The author, who is as pro-European as they come, fears the eurozone crisis could destroy the EU – a project he regards as far more worthwhile than the dysfunctional monetary union. He says a UK exit from the EU could act as a potential trigger for its dismantlement. I do not share his conclusion but his analysis is spot-on. The EU, with its legal treaties and its step-by-step crisis-resolution tactics, is not compatible with a functioning monetary union in the long run.

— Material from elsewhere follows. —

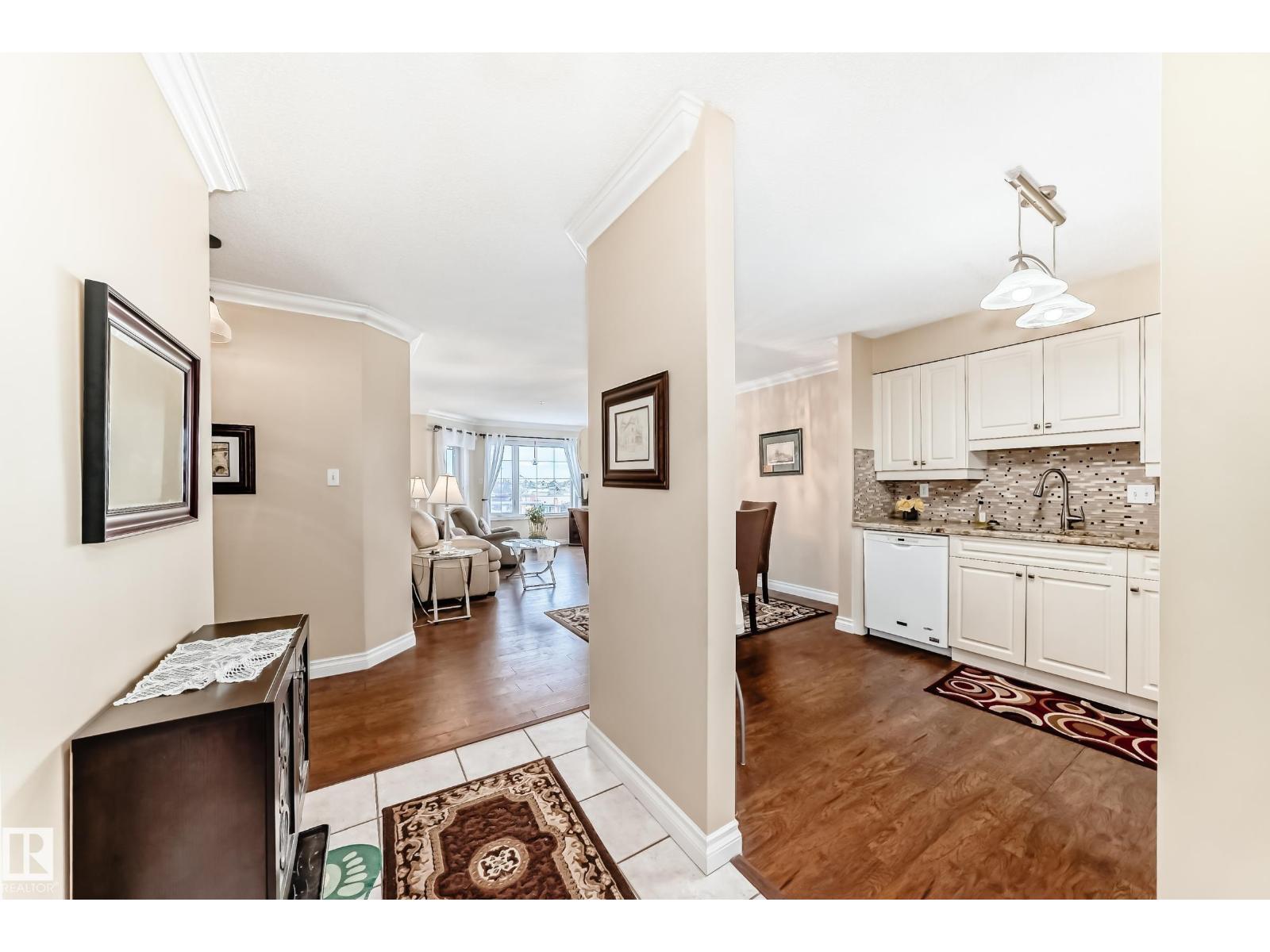 #304 17150 94A AV NW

The core of Prof Heisbourg’s argument is that we are stuck in a vicious circle. Electorates blame Europe for the crisis, and are unwilling to transfer more powers to the centre. Yet such a transfer would be necessary to solve the crisis. This is all true but I disagree that a decision to abandon the euro would solve the problem. Even if a dissolution of the euro were well managed, which it may be, I think Prof Heisbourg underestimates the economic and financial chaos it would create – not just in Europe.
I am also sceptical about his enthusiasm for a euro-free EU. Without the single currency, the EU would be a pretty dull place, which it was not in 1998. The common foreign and security policy is going nowhere. Without a single currency, the EU would roll back the single market. And, with only so many countries left to accede, the enlargement process cannot go on indefinitely. Whatever may drive the UK to remain in the EU or to quit is probably not related to the euro.
Of the options pursued and under discussion, I believe two are unrealistic. One is the attempt to solve the crisis through communication policy – which is what we are doing now, with a Banking Union that excludes any form of joint liability, or with endless protestations that the crisis is over or that the eurozone is recovering. The second set of unrealistic options, I fear, would be to go back to 1998 and start again.